Query collection “route-lists” for “day” + “truck” match and return "stops"
Insert “route-lists” data into “routes” collection
As driver proceeds with his daily stops/tasks the “routes” collection will update accordingly.
On completion of all tasks the driver will then have the ability to Complete the Route Process by simply changing “status” field to “active” from “complete” in the "routes" collection.
That about sums it up. Any feedback, opinions, comments, links, optimization tactics are greatly appreciated.
Thanks in advance for your time.
You database schema looks like for me as 'classic' relational database schema. Mongodb good fit for data denormaliztion. I guess when you display routes you loading all related customers, driver, truck.
If you want make your system really fast you may embedd everything in route collection.
So i suggest following modifications of your schema:
customers - as-is
trucks - as-is
drivers - as-is
route-list:
Embedd data about customers inside stops instead of reference. Also embedd truck. In this case schema will be:
{
"route_name": "monday_1",
"day": "monday",
"truck": {
_id = 1,
// here will be all truck data
},
"stops": [{
"customer": {
_id = 1,
//here will be all customer data
}
}, {
"customer": {
_id = 2,
//here will be all customer data
}
}]
}
routes:
When driver starting new route copy route from route-list and in addition embedd driver information:
{
//copy all route-list data (just make new id for the current route and leave reference to routes-list. In this case you will able to sync route with route-list.)
"_id": "1",
route_list_id: 1,
"start_time": "04:31 AM",
"status": "active",
driver: {
//embedd all driver data here
},
"stops": [{
"customer": {
//all customer data
},
"status": "complete",
"start_time": "04:45 AM",
"finish_time": "04:48 AM",
"elapsed_time": "3"
}]
}
I guess you asking yourself what do if driver, customer or other denormalized data changed in main collection. Yeah, you need update all denormalized data within other collections. You will probably need update billions of documents (depends on your system size) and it's okay. You can do it async if it will take much time.
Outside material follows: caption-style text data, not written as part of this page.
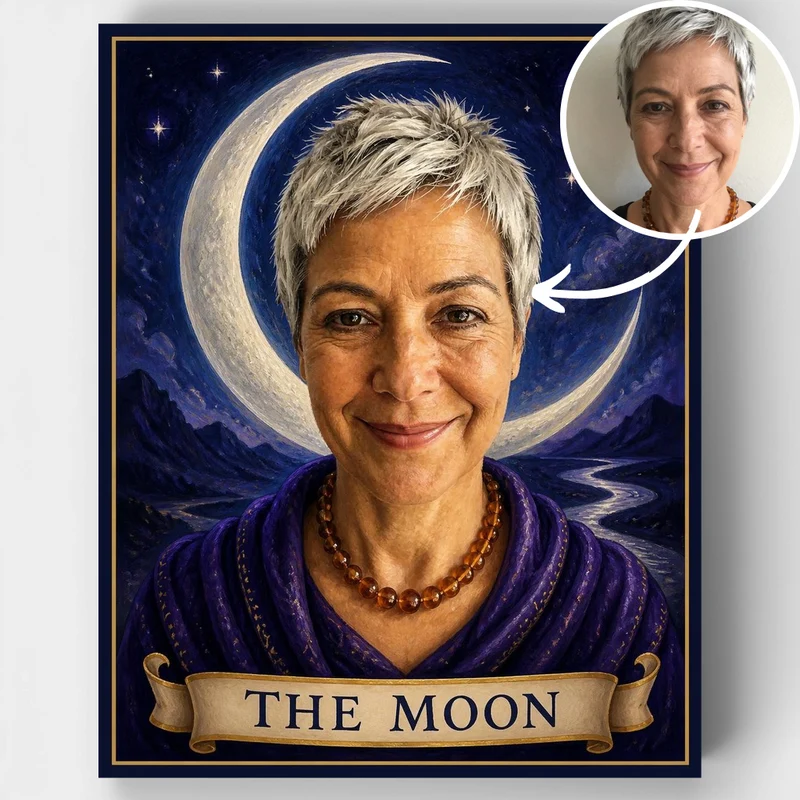 The Moon Tarot Card - Custom Paint by Numbers Kit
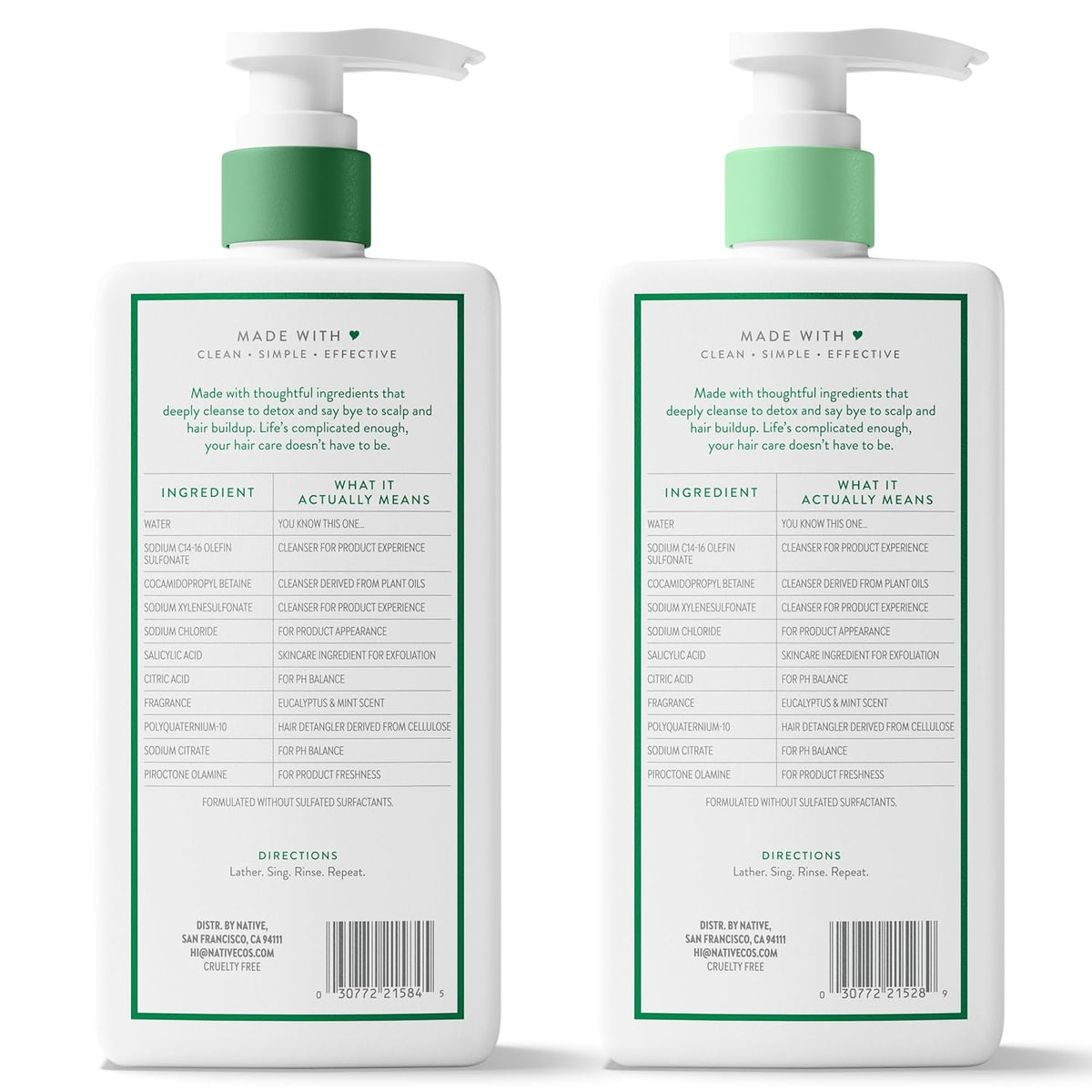 Native Sulfate-Free Scalp Care 2-Pack – Effortless Shampoo and Conditioner Duo for Less-Is-More Simplicity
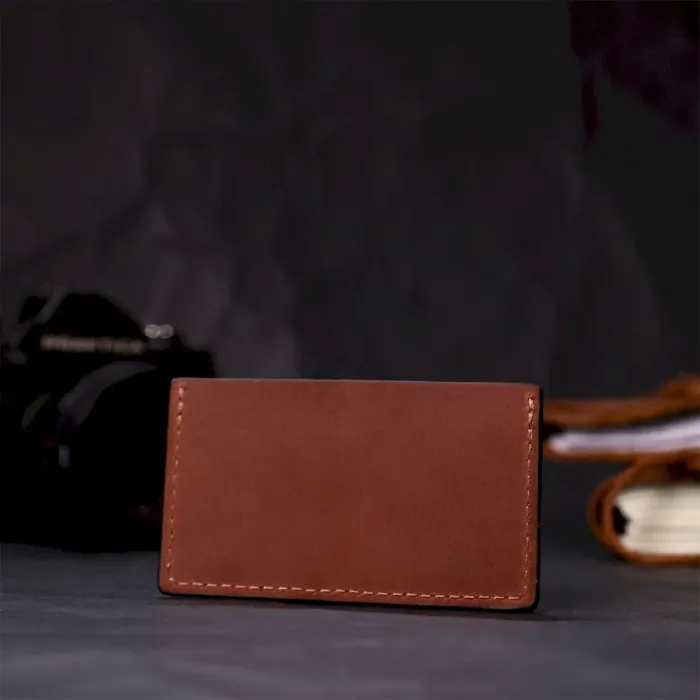 Зручний кард-кейс із натуральної шкіри GRANDE PELLE 11666 Коричневий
What benfits in above data structure?
Each document contains all data that you may need to display in your application. So, for instance, you no need load related customers, driver, truck when you need display routes.
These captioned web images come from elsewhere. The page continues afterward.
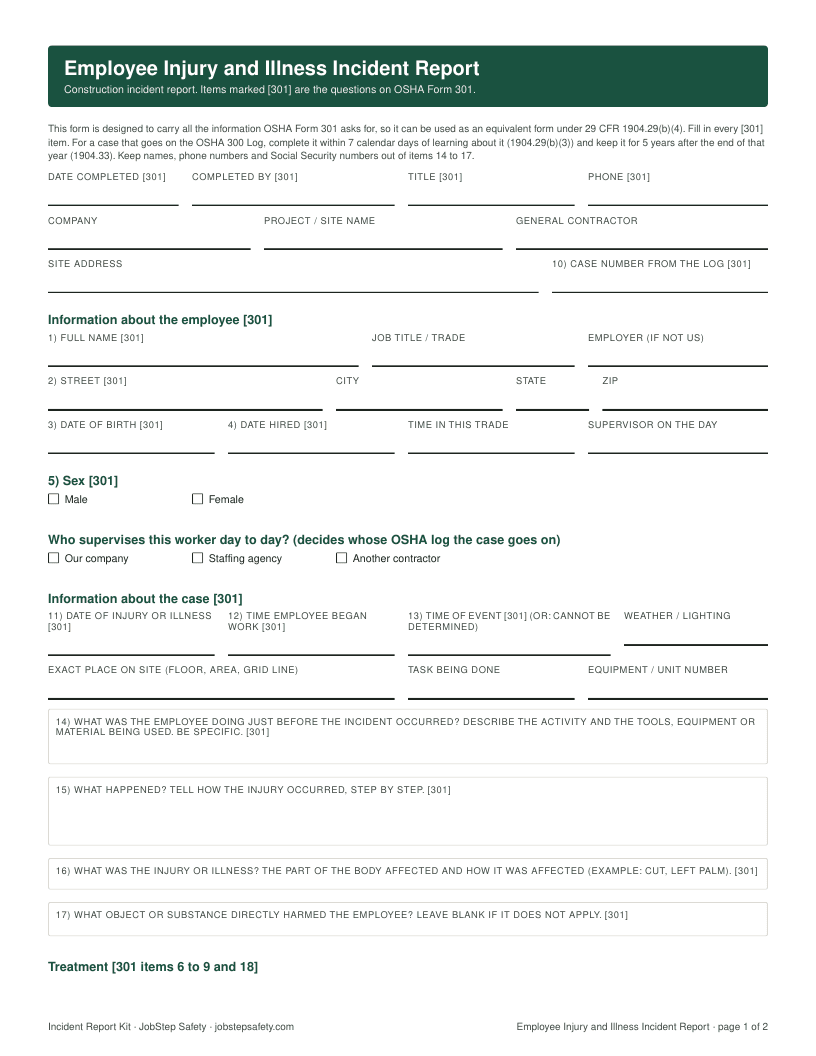 Incident Report Kit: The incident report (Form 301 information)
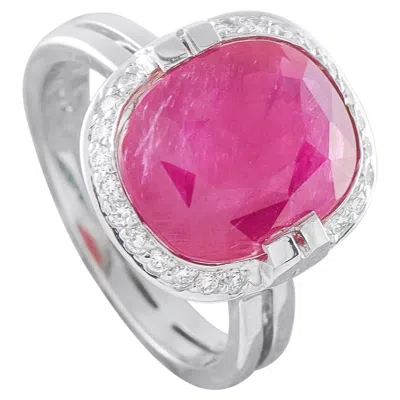 Pre-owned Lb Exclusive 18k White Gold 0.22ct Diamond Ruby Halo Ring Mf12-063026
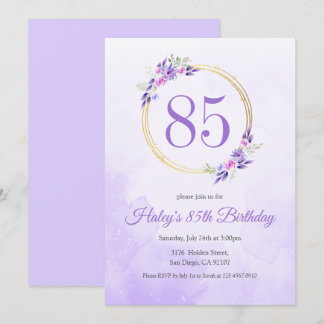 Pastel Lila Floral Goldener Kranz 85. Geburtstag Einladung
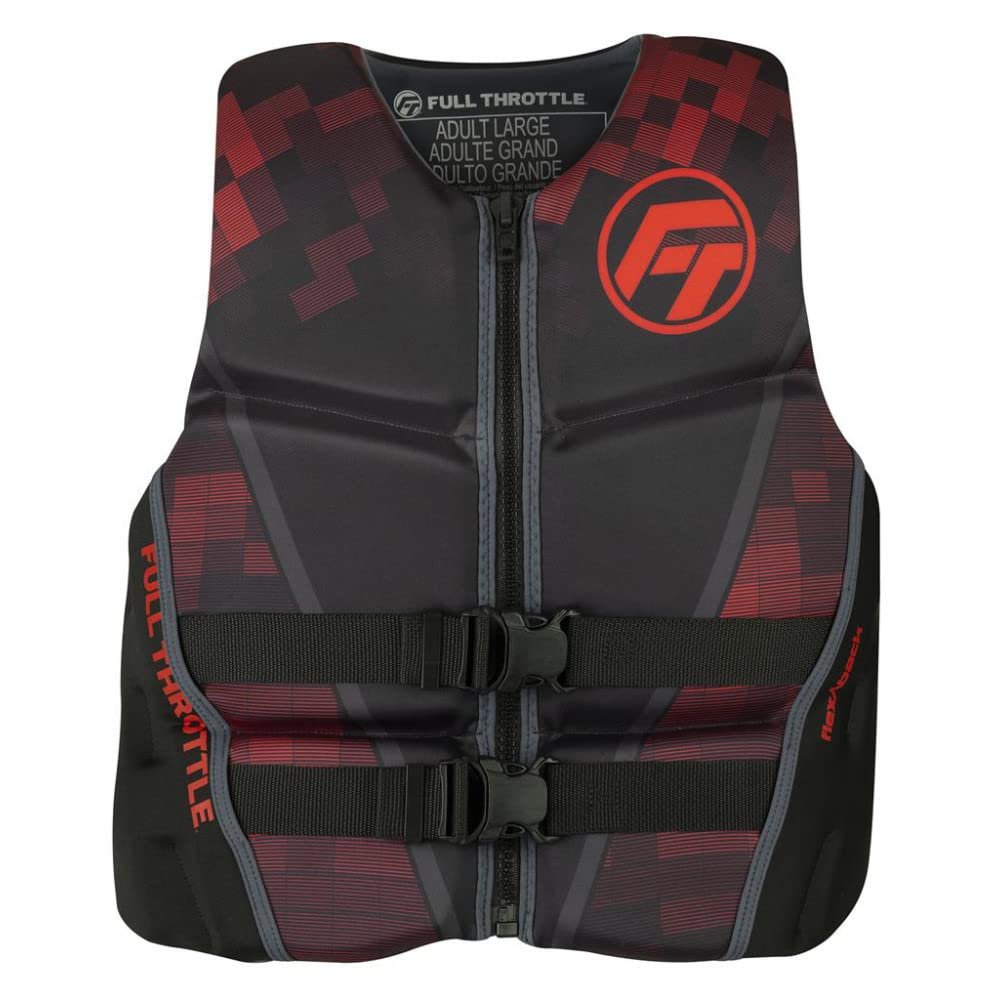 Full Throttle Adult Rapid Dry Flex Back Life Jacket, Red, Large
You can make any difficult queries to your database. For example in your schema you can build query that will return all routes thats contains stops in stop of customer with name = "Bill" (you need load customer by name first, get id, and look by customer id in your current schema).
Probably you asking yourself that your data can be unsynchronized in some cases, but to solve this you just need build a few unit test to ensure that you update your denormolized data correctly.
Hope above will help you to see the world from not relational side, from document database point of view.